W3C home > Mailing lists > Public > www-tag@w3.org > October 2013

Re: Link rot in Supreme Court decisions

From: Herbert van de Sompel <hvdsomp@gmail.com>
Date: Wed, 9 Oct 2013 18:13:54 -0600
Message-ID: <CAOywMHfnkffOQHdj1qcZCVqenSB7cBp-bYKAUTt5K-j_i+kgJQ@mail.gmail.com>
To: Larry Masinter <masinter@adobe.com>
Cc: "ashok.malhotra@oracle.com" <ashok.malhotra@oracle.com>, Karl Dubost <karl@la-grange.net>, Mark Nottingham <mnot@mnot.net>, "www-tag@w3.org WG" <www-tag@w3.org>
On Wed, Oct 9, 2013 at 4:17 PM, Larry Masinter <masinter@adobe.com> wrote:
> Memento makes much more sense and is much more compelling as a (proposed) standard interface supported by (or at least compatible with) the collective community of web archivers.
> Trying to isolate a solution to "link rot" as a separate, independent problem from archiving just weakens the concept, and invites people to think the two problems are readily separable.
> When you say you want a link to be "permanent", whatever it is you want to preserve seems to be highly correlated to whatever it is you thought the link meant in the first place.
>
> (permanent link to a page that tells you the weather of the day you look, permanent link to a page that tells you TODAY's whether on the date when the link was made, for example.)
>

Thanks, Larry.

I don't think the proposal expressed in
http://mementoweb.org/missing-link/ isolates the link rot from the
archiving problem.

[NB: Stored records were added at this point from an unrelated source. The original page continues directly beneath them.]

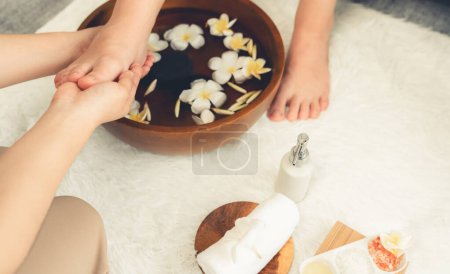 La mujer se complace en el masaje de pies dichosos en el lujoso salón de spa, mientras que el masajista da terapia de reflexología en un suave resort de ambiente de luz diurna o un spa de pies de hotel. Silencioso.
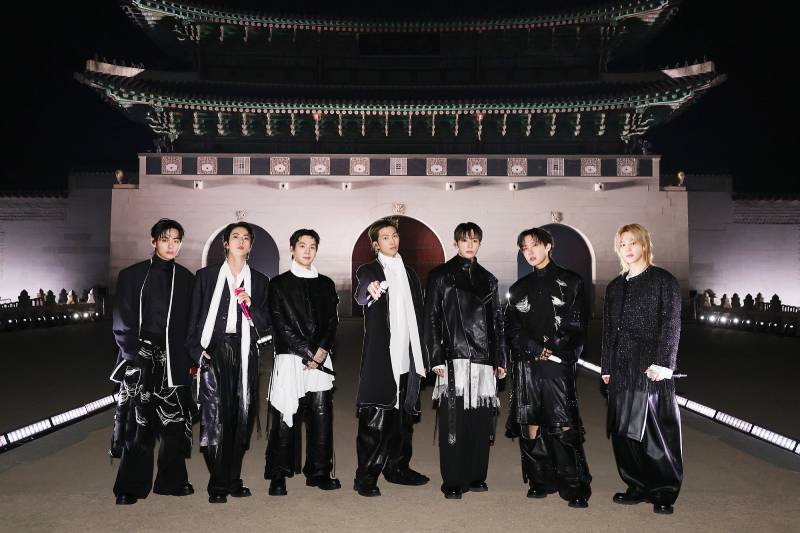 Siete integrantes posan frente a la puerta de Gwanghwamun iluminada de noche, vestidos con atuendos en blanco y negro y sosteniendo micrófonos.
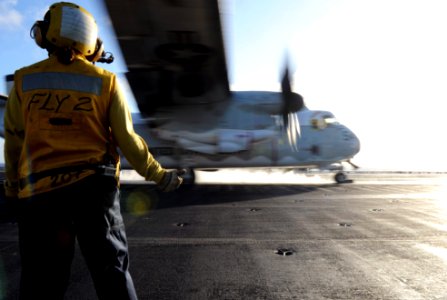 US Navy 111207-N-XE109-076 Aviation Boatswain's Mate (Handling) 3rd Class Clarissa K. Quick signals to a C-2 Greyhound as it launches from the flig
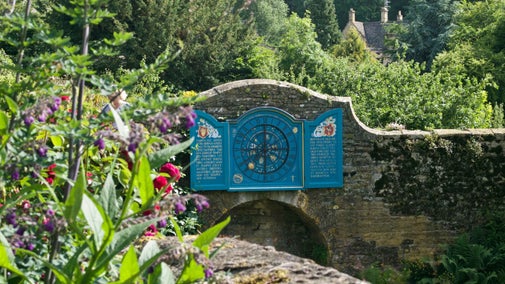A view of the Nychthemeron Clock with some flowers in the foreground at Snowshill Manor, Gloucestershire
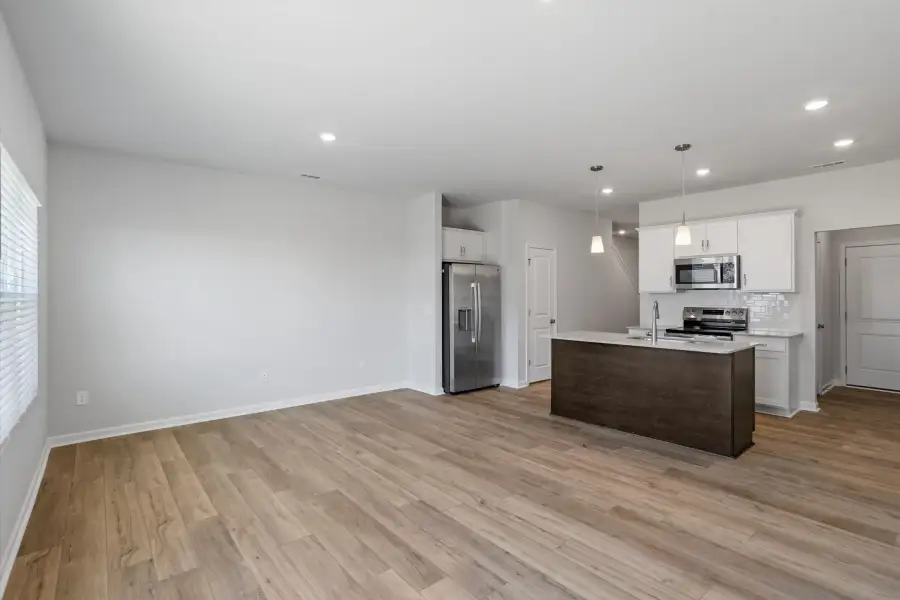 Spacious, unfurnished interior of a new home in West Main Townhomes, Sanford (Image 14).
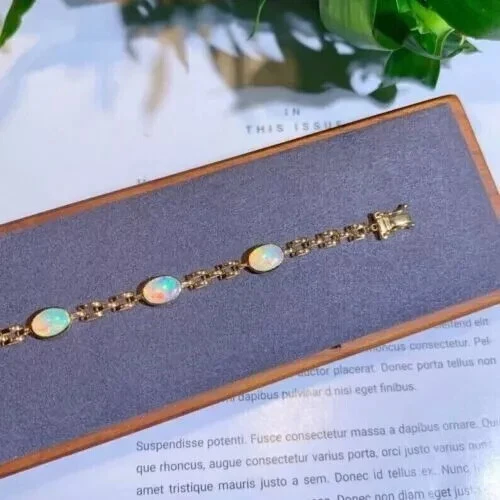 Brazalete para mujer de diamantes de ópalo de fuego creado en laboratorio ovalado de 8 quilates enchapado en oro amarillo de 14 quilates Foto 4 de 4
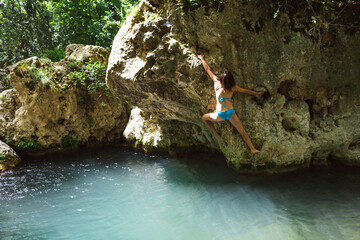 A woman in a swimsuit climbs a cliff above the water.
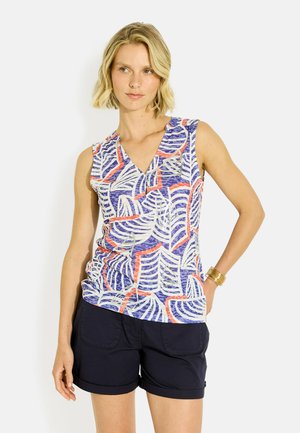 Mujer que lleva una camiseta sin mangas con patrones de hojas en azul, blanco y naranja y pantalones cortos negros, posando con una mano en la cadera.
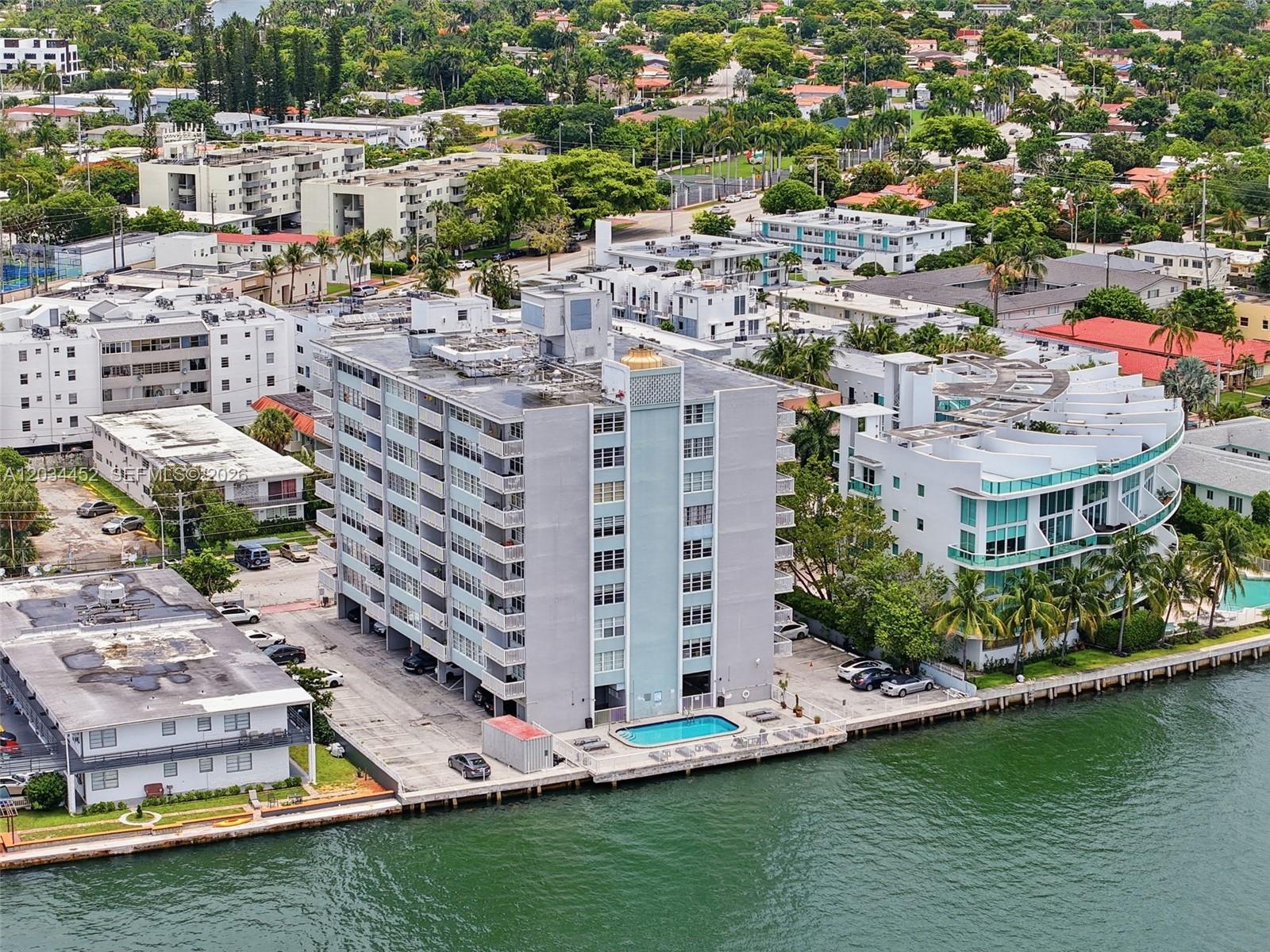 An aerial view shows a multi-story apartment building with a pool beside a waterway — 2016 Bay Dr # 504, Miami Beach FL 33141, MIAMI BEACH, FL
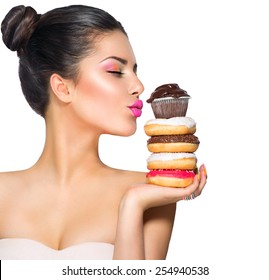 Beauty fashion model girl taking colorful donuts. Funny joyful woman with sweets, dessert. Diet, dieting concept. Junk food, Slimming, weight loss. Isolated on white background
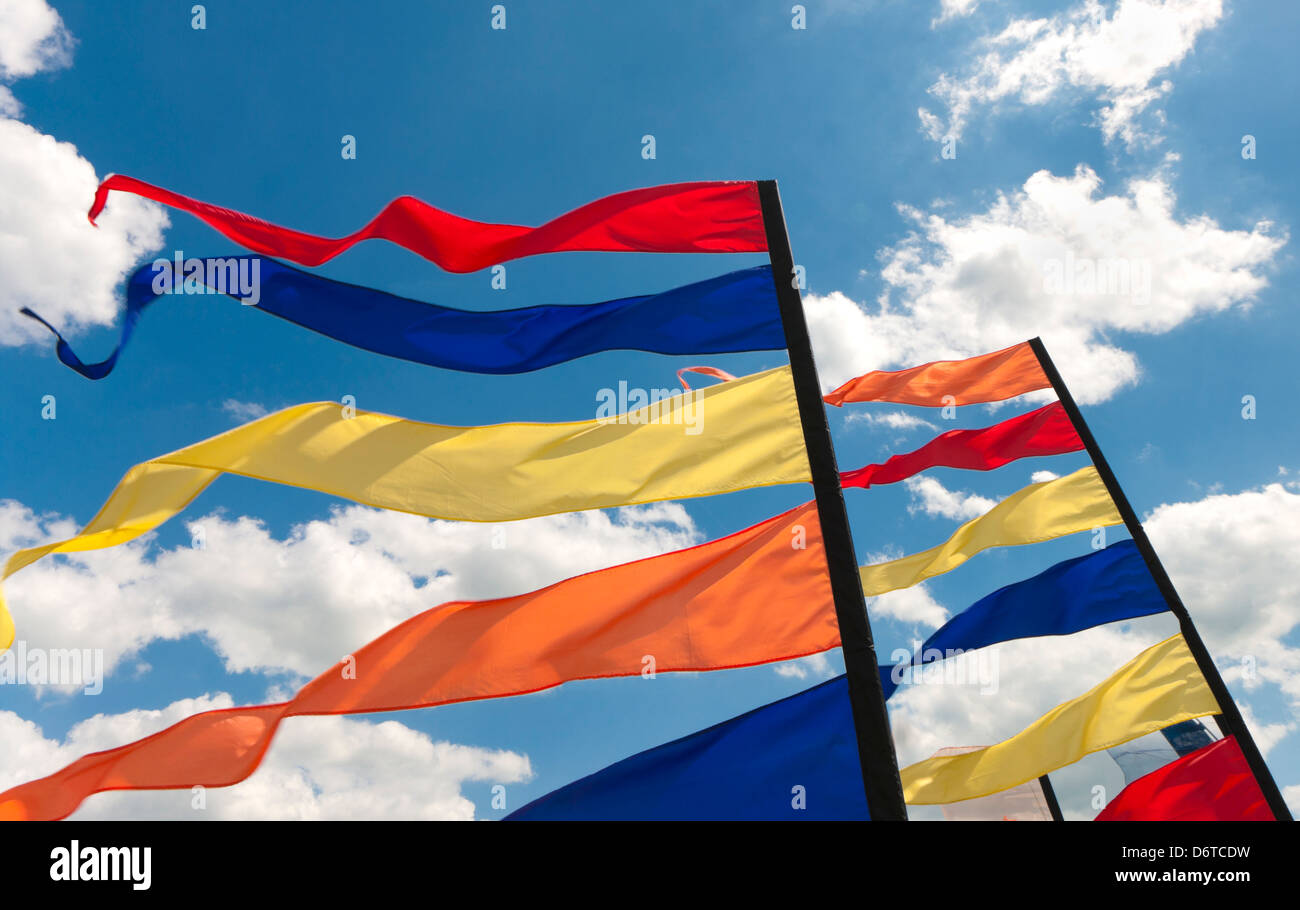 colorful bunting flags against a blue saturated sky with clouds Stock ...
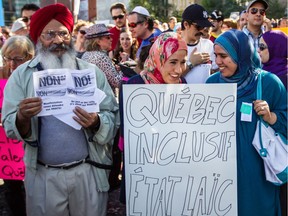 People take part in a protest against the proposed Charter of Quebec Values in Montreal on Sunday, September 29, 2013. Hearing Coalition Avenir Québec's plans, "I felt like someone hit reset and it was 2013, and the Charter of Values had just been announced," Fariha Naqvi-Mohamed writes.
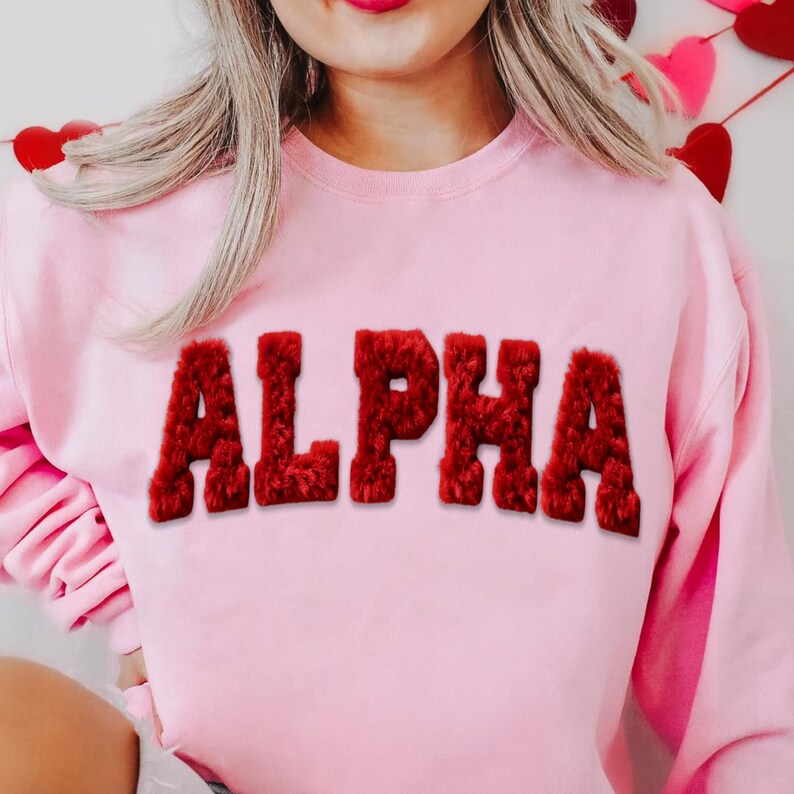 May include: A light pink sweatshirt with the word "ALPHA" in large, red, fuzzy letters across the front. The sweatshirt has a crew neck and long sleeves. The background includes decorative hearts.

Rather it proposes an approach that allows links as
we use them to be loosely coupled with archives and resource
versioning systems for applications in those pockets of the web where
an increased degree of persistence is considered important. I
understand this is, for example, the case in Wikipedia.

The wikipedia page http://en.wikipedia.org/wiki/Border_collie has the
following external references that are explicitly marked as dead
links:

47. "Border Collie". Justusdogs.com.au. Retrieved 2010-09-13.[dead link]

50. Fastest Car Window Opened by a Dog [dead link]
www.guinnessworldrecords.com. Retrieved 2007-08-12.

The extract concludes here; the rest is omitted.